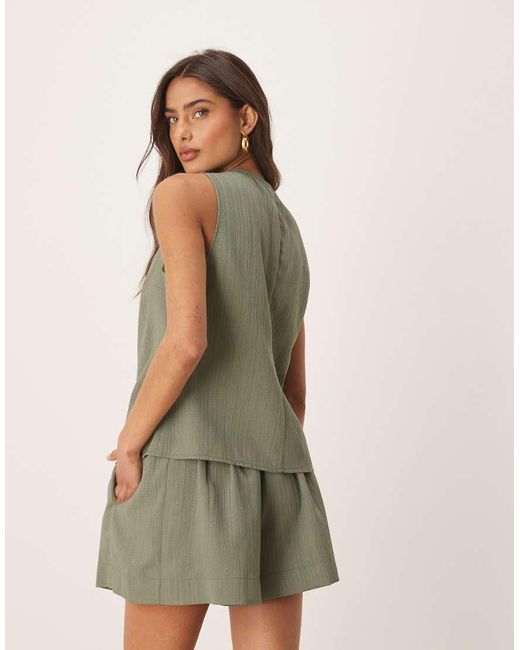 ASOS Top Van Kreukelstof in het Green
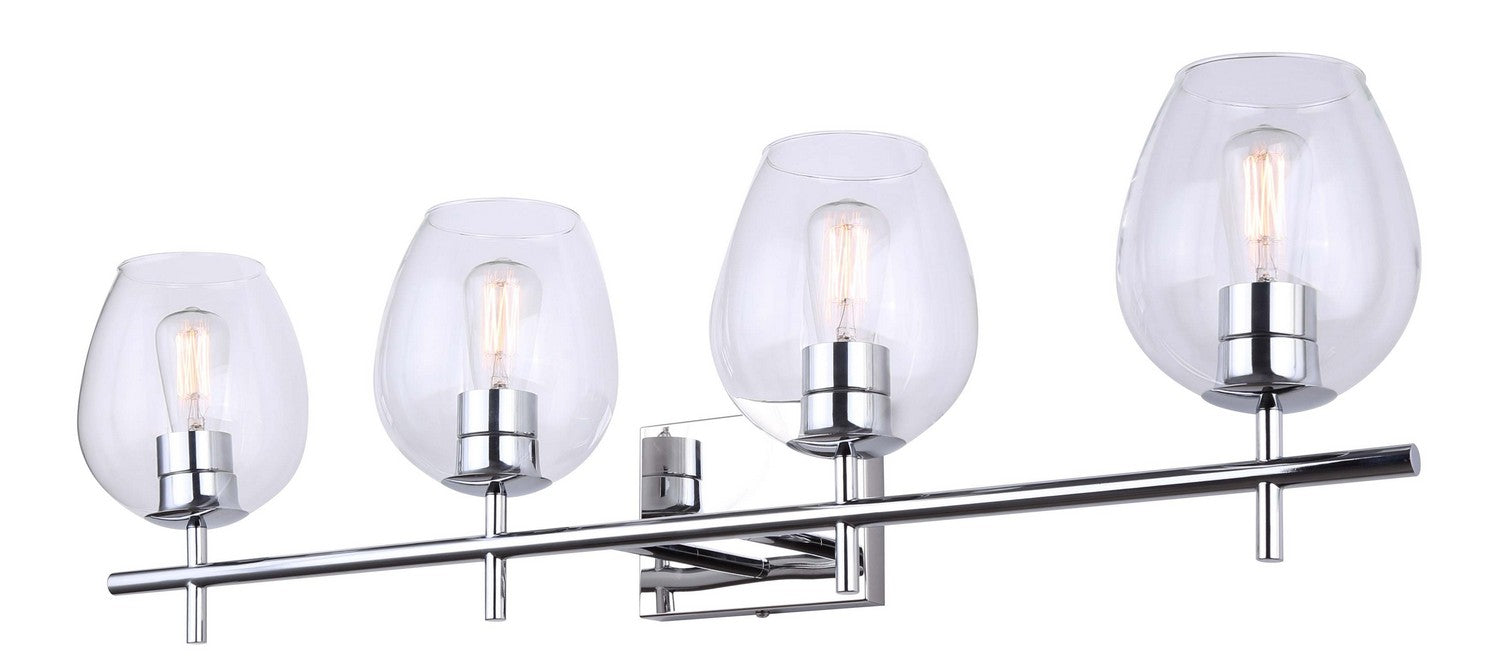 Canarm IVL1019A04CH Four Light Vanity, Chrome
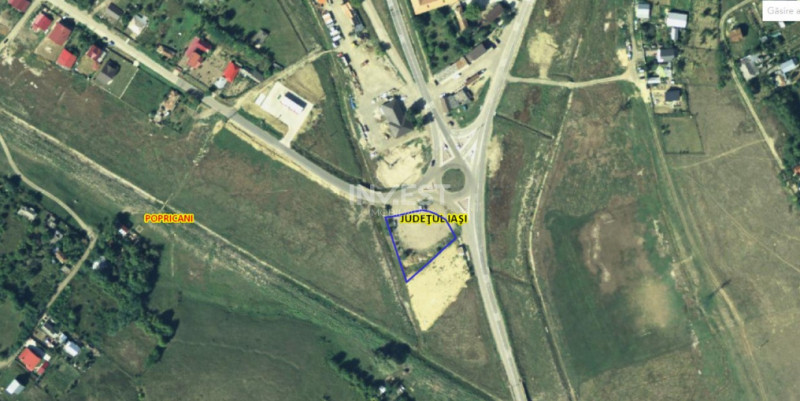 Teren 1.900 mp de vânzare – Rond Popricani / Vânători, Iași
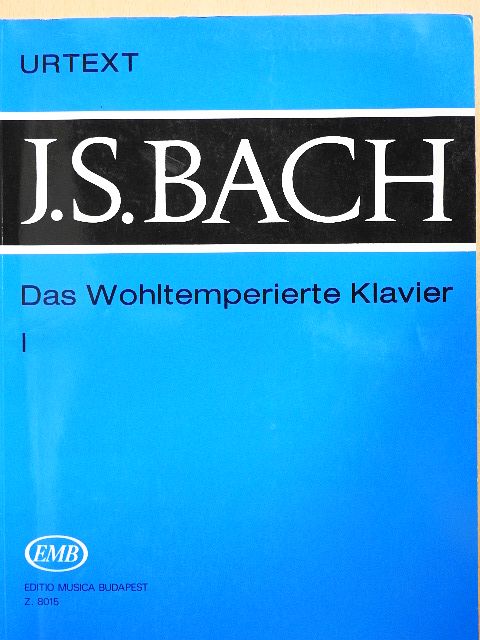 J. S. Bach - Das Wohltemperierte Klavier I. [antikvár]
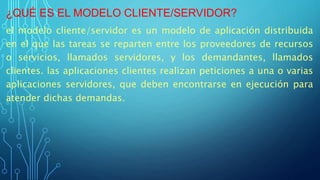 modelo cliente servidor | PPTX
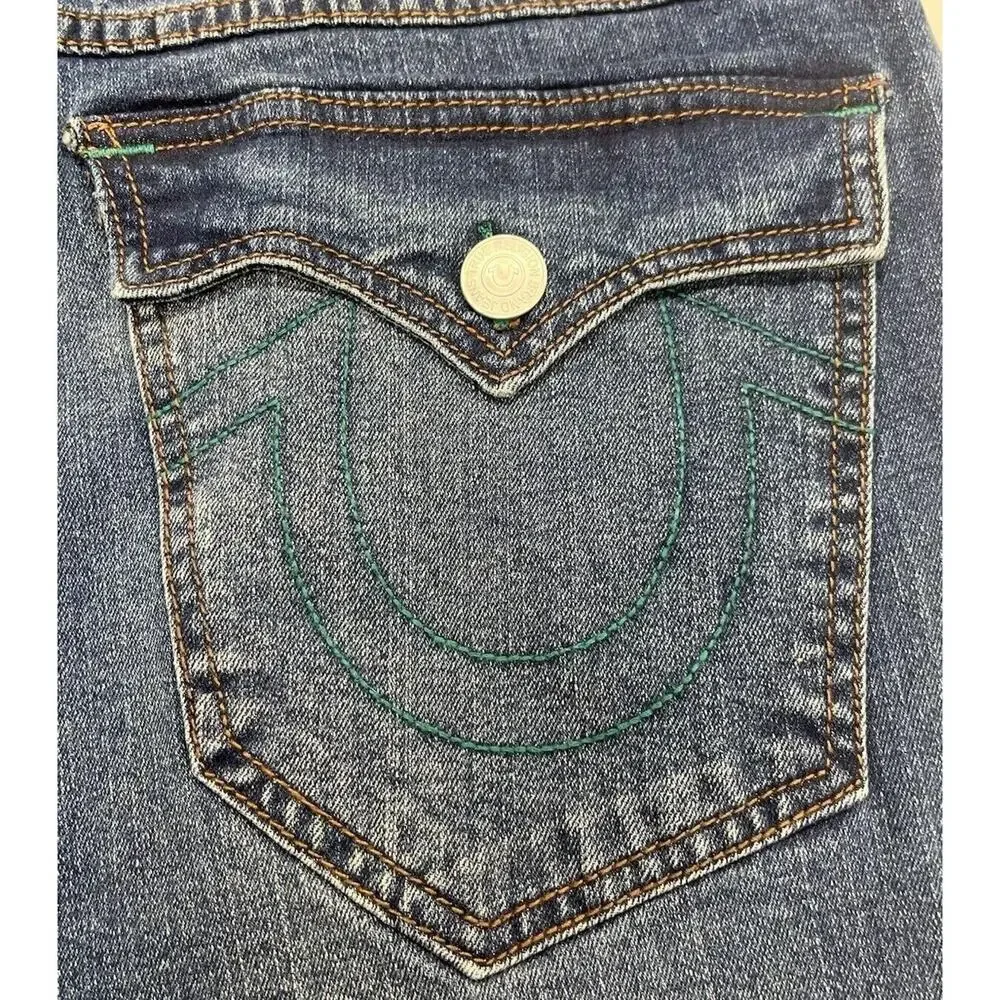 True Religion Rocco Men's Jeans Flap Pockets Relaxed Skinny Size 34X22 (34X31.5)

> _WHAT TO PRODUCE_
Copy the listing character for character, pictures omitted.

> _OUTPUT_
 ASOS Top Van Kreukelstof in het Green
 Canarm IVL1019A04CH Four Light Vanity, Chrome
 Teren 1.900 mp de vânzare – Rond Popricani / Vânători, Iași
 J. S. Bach - Das Wohltemperierte Klavier I. [antikvár]
 modelo cliente servidor | PPTX
 True Religion Rocco Men's Jeans Flap Pockets Relaxed Skinny Size 34X22 (34X31.5)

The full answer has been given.